Chicago Teachers Union President Karen Lewis said the union and school board are miles apart on issues of contention, like teacher evaluations, resources for kids living in a violent city and "recall rights."
CTU Vice President Jesse Sharkey said the district has put forth a comprehensive proposal that covers all the issues outstanding between the two sides. He said district officials said they expect a counter proposal from the union when they resume negotiations.
Sharkey said the union moved more Tuesday in the direction of getting to an agreement than the district did. He said negotiations have been an exhausting project, but the union will keep fighting to reach a fair agreement.
The CTU said it has signed off on only six of the 49 articles in a new contract.
WHAT ARE RECALL RIGHTS?
The Chicago Tribune reports that Mayor Rahm Emanuel is considering plans to close between 80 and 120 schools on the city's south and west sides.
The report cites an unnamed source.
School closings are why striking teachers are demanding "recall rights," which give laid-off teachers priority in hiring at other schools.
A spokeswoman for the mayor and one for CPS, said there is no truth to the report.
STRIKE FERVOR CALLS CONDUCT INTO QUESTION
There are more signs the contract fight is personal - besides the anti-Emanuel signs teachers have been hoisting all week. The new personality fight is about the tone teachers have taken.
The head of the Chicago School Board was offended that the Lewis called negotiations "silly," and he said teachers at a rally at Buckingham Fountain were told to party.

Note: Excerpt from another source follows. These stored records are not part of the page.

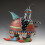 Solid Teapot Sculpture Vintage Resin Decor 1 Piece 4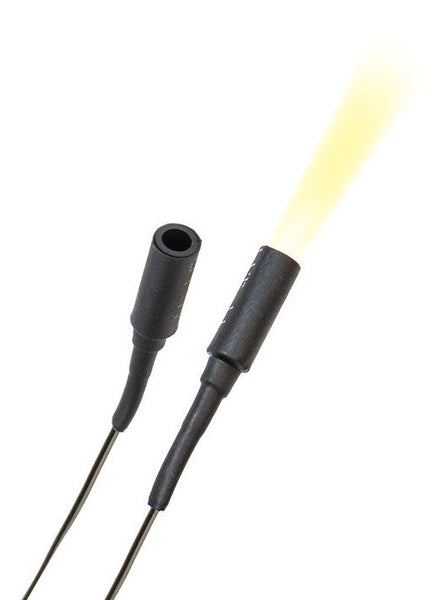 Woodland Scenics Just Plug LED Small Spotlight Kit - 2 Lights For Model Scenes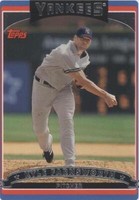 2006 Topps - Kyle Farnsworth #81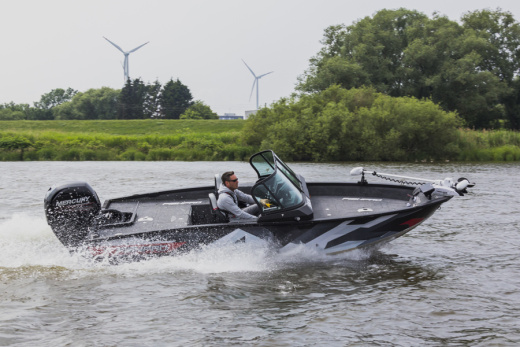 Volzhanka FISHPRO X7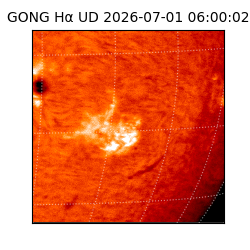 gong - 2026-07-01T06:00:02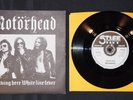 Motörhead / Motorhead Leaving here White line fever ( Original on Stiff Buy 9 )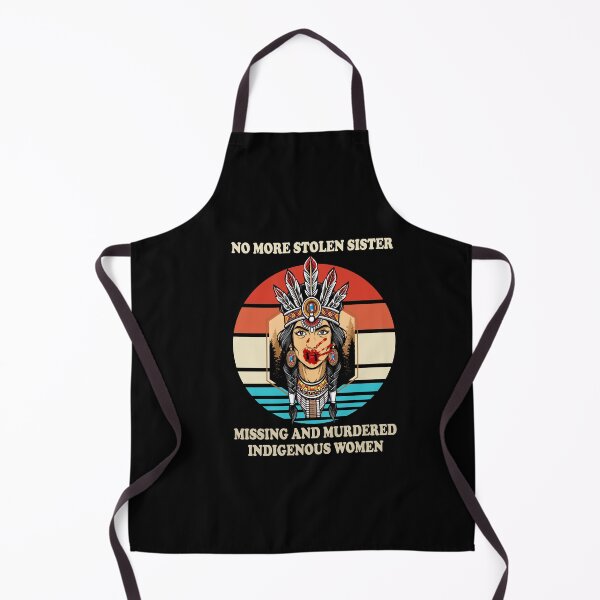 Item preview, No more stolen sisters missing and murdered indigenous women designed and sold by berenger04.
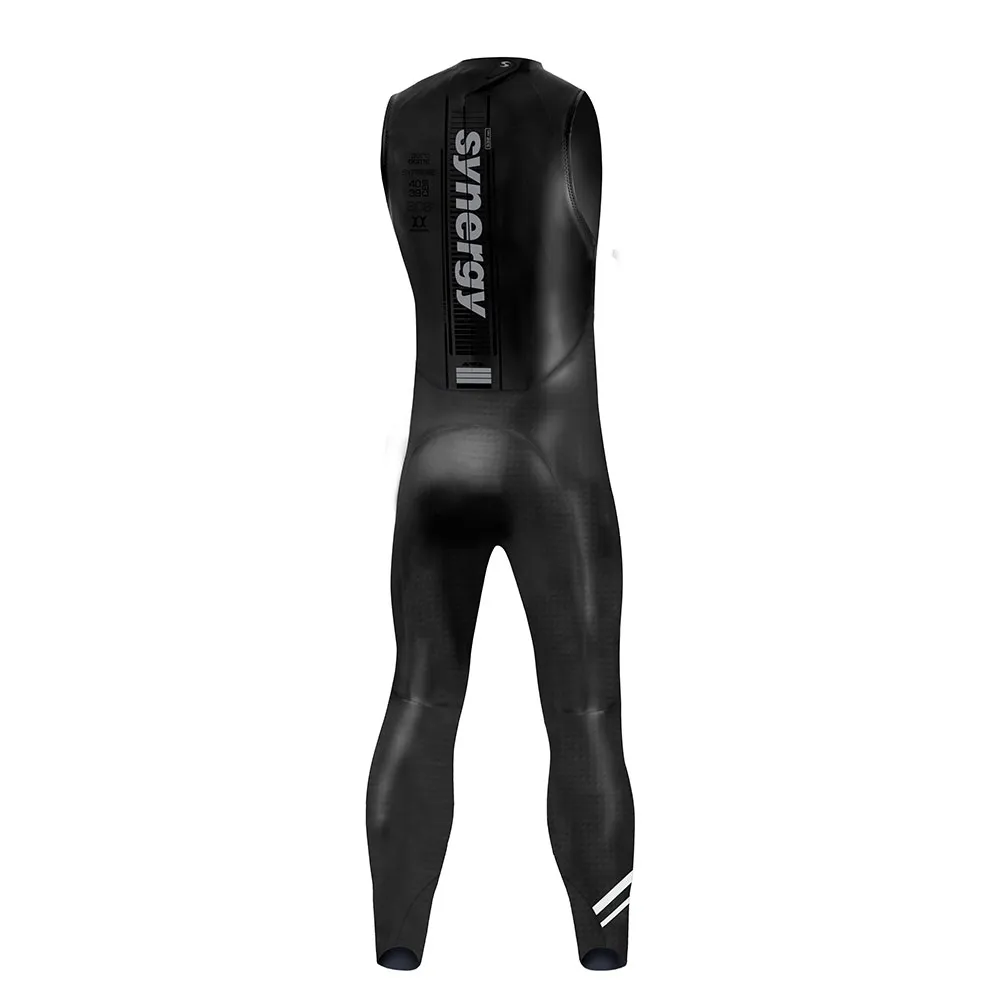 Synergy Hybrid Efx4 Ärmlös Neopren-dräkt unisex Synergy Hybrid Efx4 Ärmlös Neopren-dräkt unisex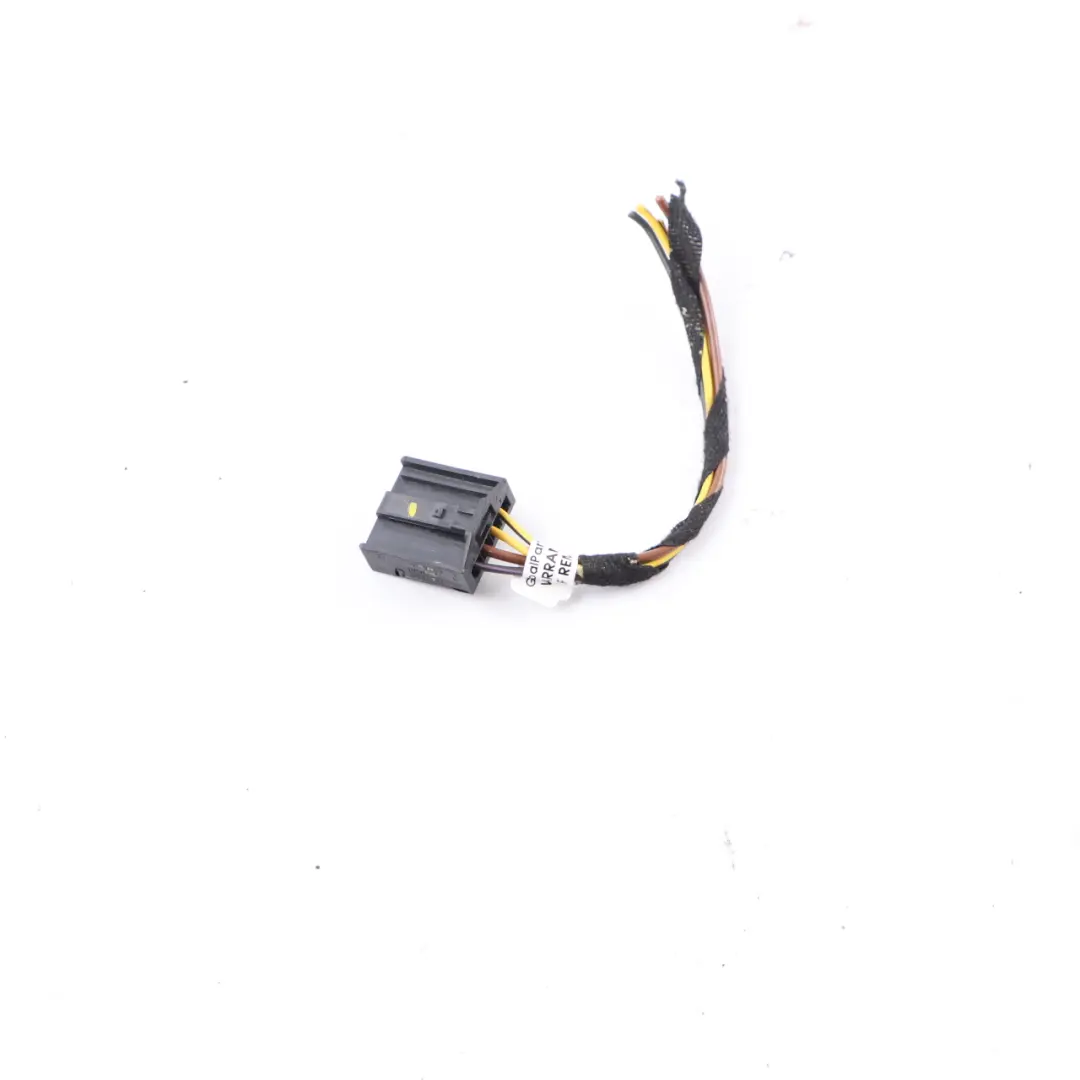Luz Trasera Tronco Puerta Trasera Izquierda Enchufe Cableado 6984746 para BMW E91 LCI con número de pieza 7289433 BMW E91 LCI Luz Trasera Tronco Puerta Trasera Izquierda Enchufe Cableado 6984746 - SKU 7289433-1 - Número de pieza 7289433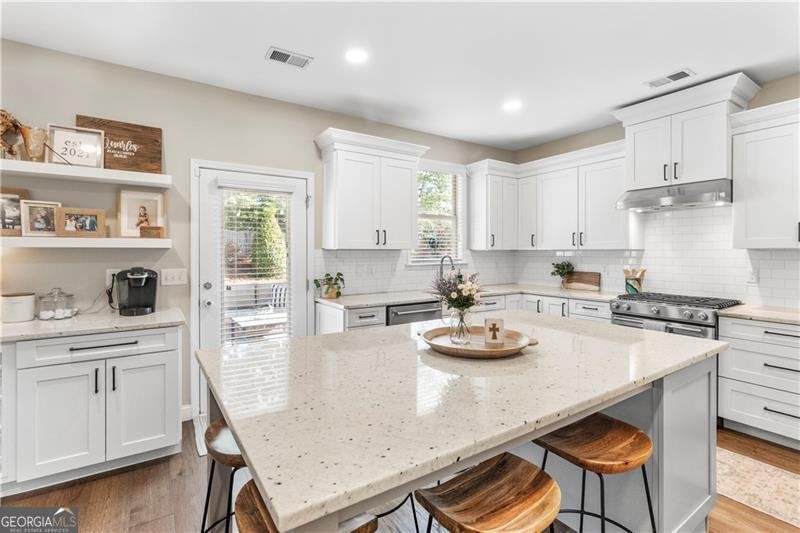 5020 Wilshire Crossing Cumming - Photo 9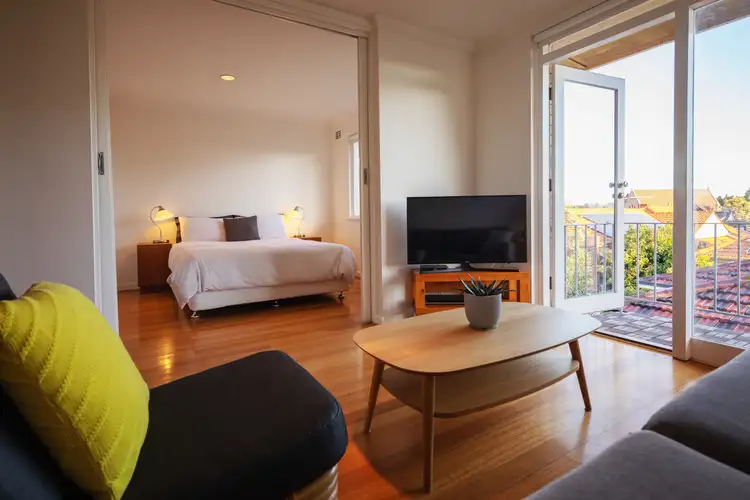 Main view of Homely apartment listing, 9/548 William Street, Mount Lawley WA 6050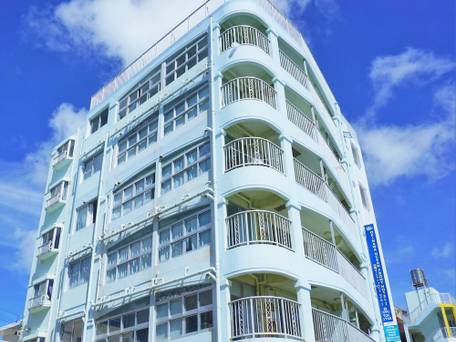 沖縄オーシャンフロント / 3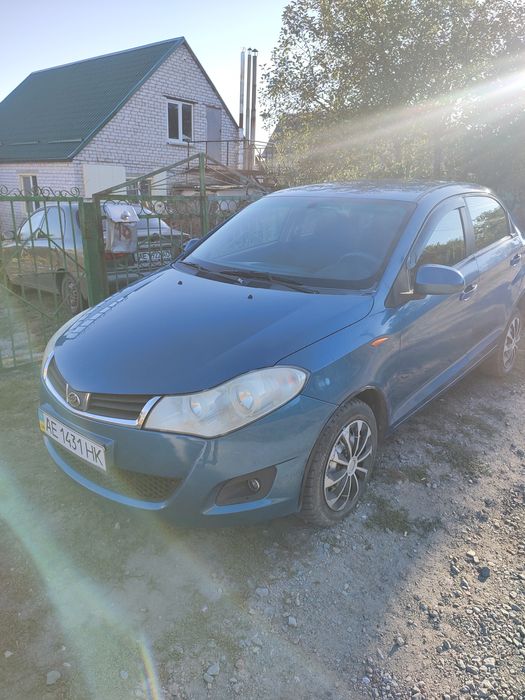 Продам ЗАЗ Forza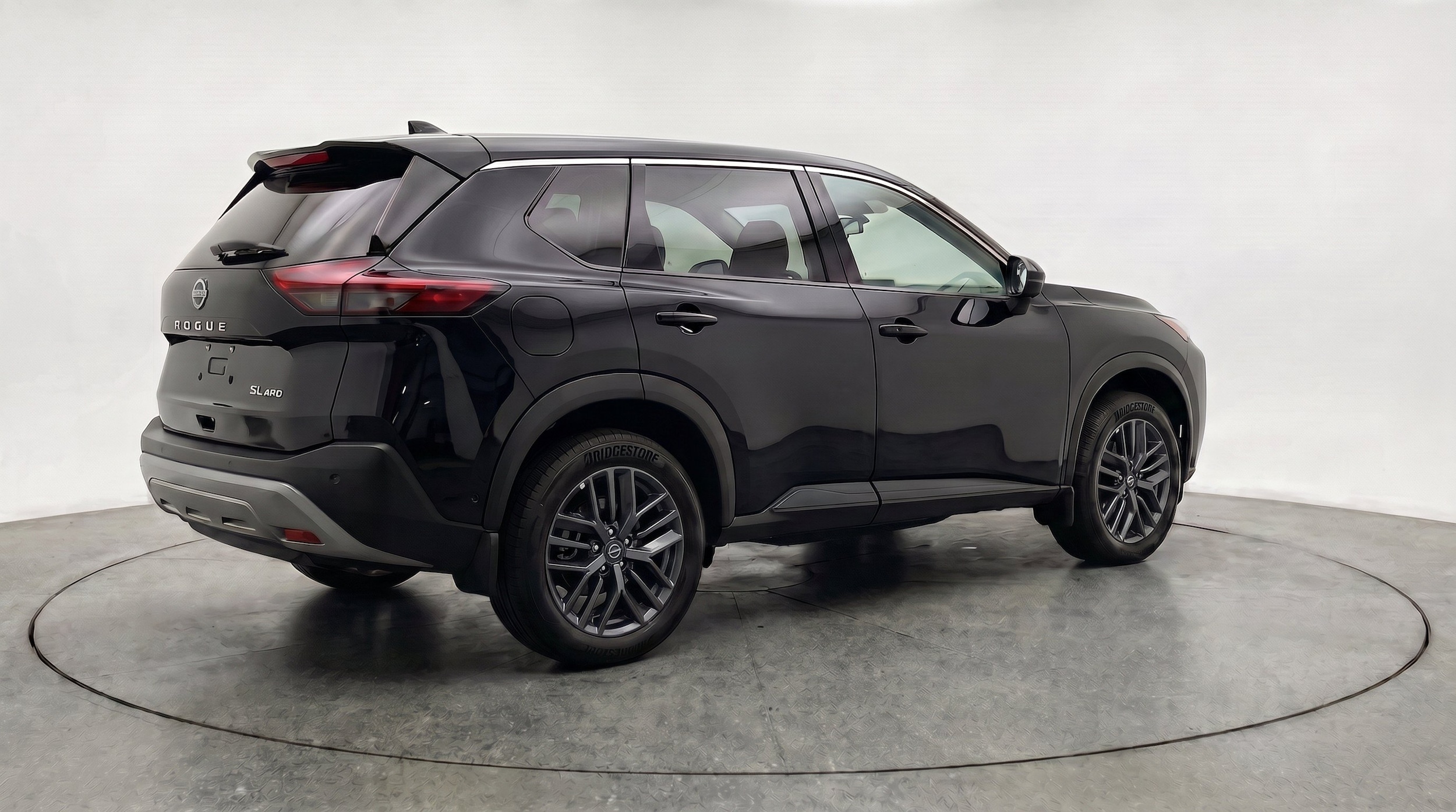 Thumbnail: 2026 Nissan Rogue - 9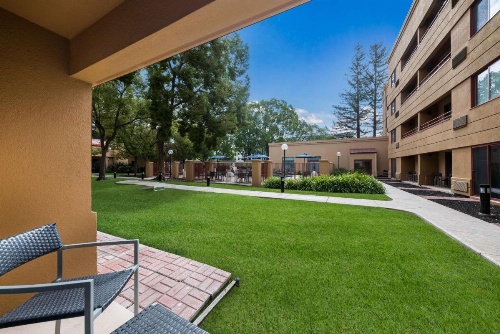 Sonesta Select San Jose Airport image 31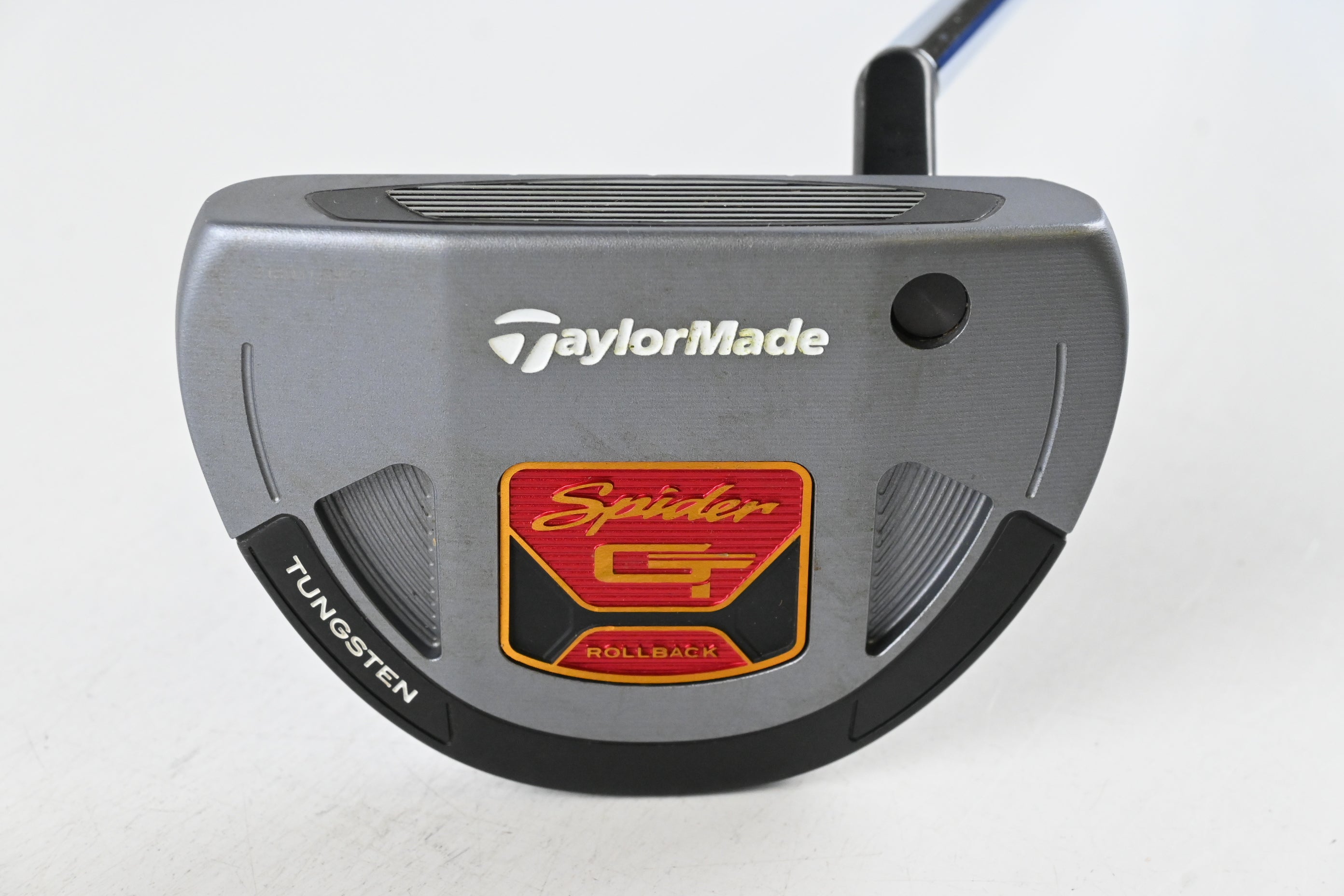 Taylormade Spider GT RollBack Putter / 34 Inch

Board of Education President David Vitale questioned the union's seriousness about finding a solution.
"They were told to keep going and have a party and have fun," Vitale said, "while 400,000 kids are out of school. This is not the behavior of a group of people about a group of people that are serious about the interests of our children."
"I do think our members are very concerned," Lewis said. "But they also want to express their frustrations. There are a lot of problems that people don't want to talk about, [like working conditions. They're] feeling extremely vulnerable in this environment and it's a problem."
NATIONAL FIGURES WEIGH IN ON CTU STRIKE
Chicago Bulls point guard Derrick Rose weighed in on the Chicago teachers strike on Twitter.
Rose tweeted this on the first day teachers walked off the job: "Hope the CPS gets a deal done soon... We need our kids in school!"
He followed-up with this tweet: "I don't like that fact that our kids are not in school and that's the only thing we have to save these kids."
Rose concluded with one last, heartfelt tweet: "I'm sitting here just thinking how sad it is that my city got to go through this. I love my city and everyone in it even my haters!"
Former Chicago Public Schools CEO and U.S. Secretary of Education Arne Duncan issued a statement on the teacher's strike Wednesday:
"I hope that the parties will come together to settle this quickly and get our kids back in the classroom. I'm confident that both sides have the best interests of the students at heart, and that they can collaborate at the bargaining table to reach a solution that puts kids first."
Duncan was chief of CPS from 2001 to 2008.
JANITORS MAY STRIKE
Custodians who work at the schools may join the strike at the end of the week.
Their union has told its 1,500 janitors that they can honor the teacher picket lines if they like. The union said it's an individual choice, which is up to each worker.